Data shown =>
• • • •

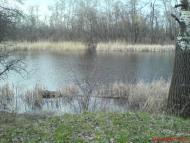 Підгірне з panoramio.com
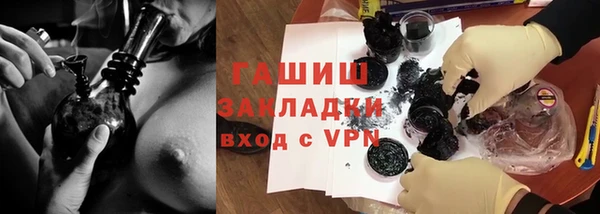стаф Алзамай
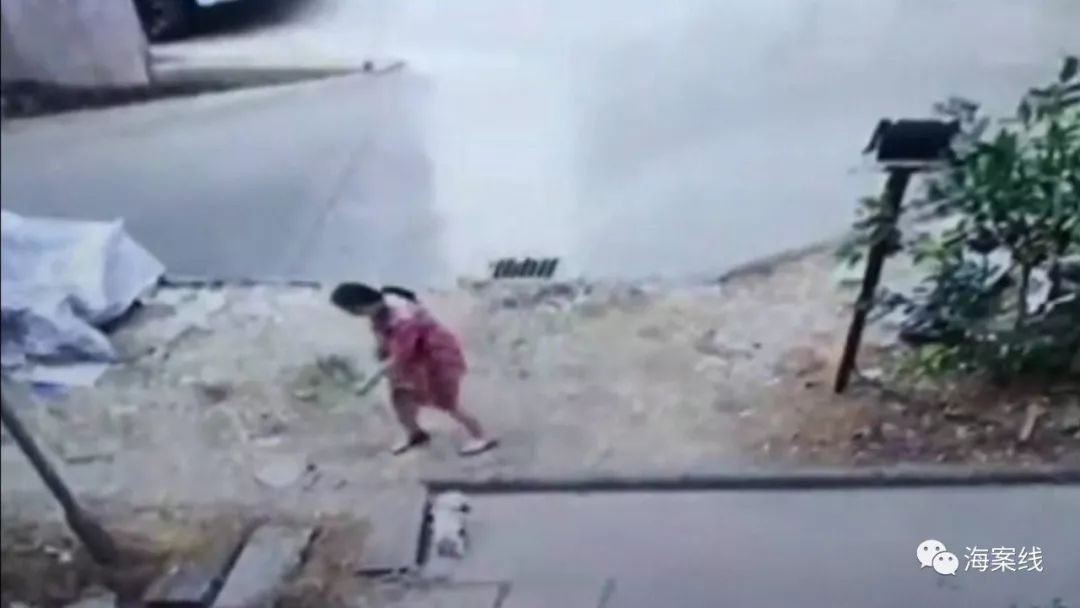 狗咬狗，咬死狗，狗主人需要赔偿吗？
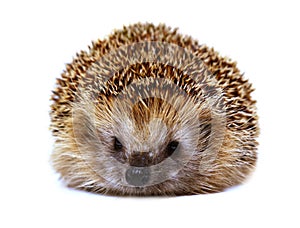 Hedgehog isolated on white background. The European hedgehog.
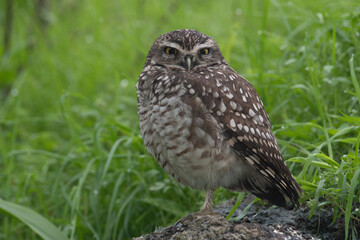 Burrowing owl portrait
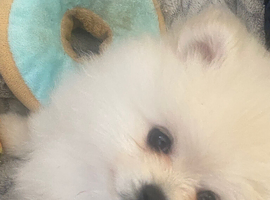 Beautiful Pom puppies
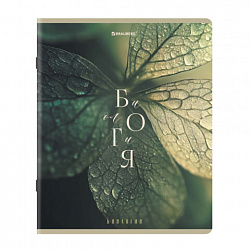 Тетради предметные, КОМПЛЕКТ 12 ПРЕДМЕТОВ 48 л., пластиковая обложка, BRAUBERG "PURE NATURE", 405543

• • • •

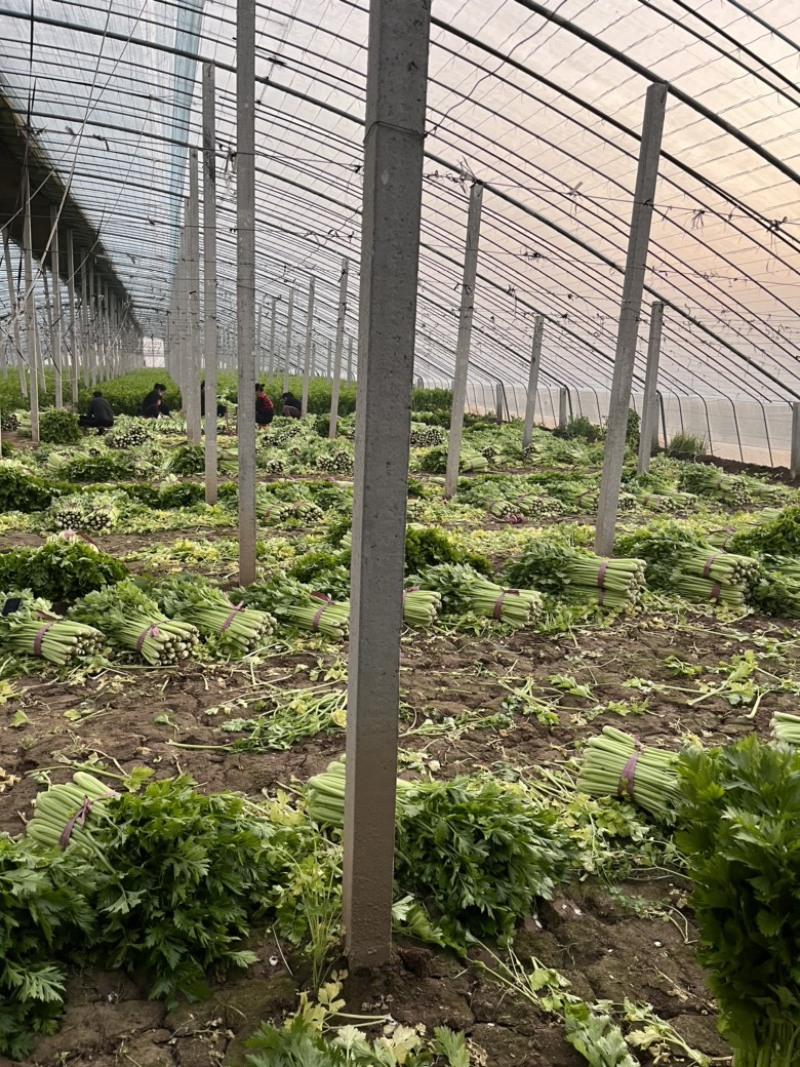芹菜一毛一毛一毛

• • • •

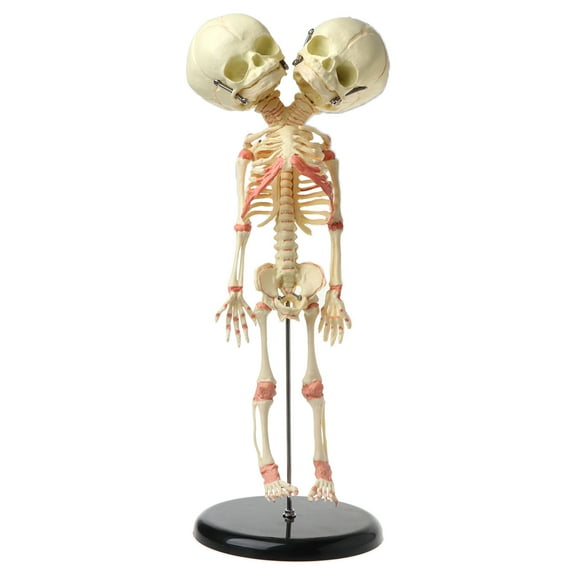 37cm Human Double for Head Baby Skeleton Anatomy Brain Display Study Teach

• • • •

Task => Reproduce word for word, with pictures dropped, only the part of the material above that opens with the line containing "Підгірне з panoramio.com" and closes with the line containing "Тетради предметные, КОМПЛЕКТ".

Response to the task =>
 Підгірне з panoramio.com
стаф Алзамай
 狗咬狗，咬死狗，狗主人需要赔偿吗？
 Hedgehog isolated on white background. The European hedgehog.
 Burrowing owl portrait
 Beautiful Pom puppies
 Тетради предметные, КОМПЛЕКТ 12 ПРЕДМЕТОВ 48 л., пластиковая обложка, BRAUBERG "PURE NATURE", 405543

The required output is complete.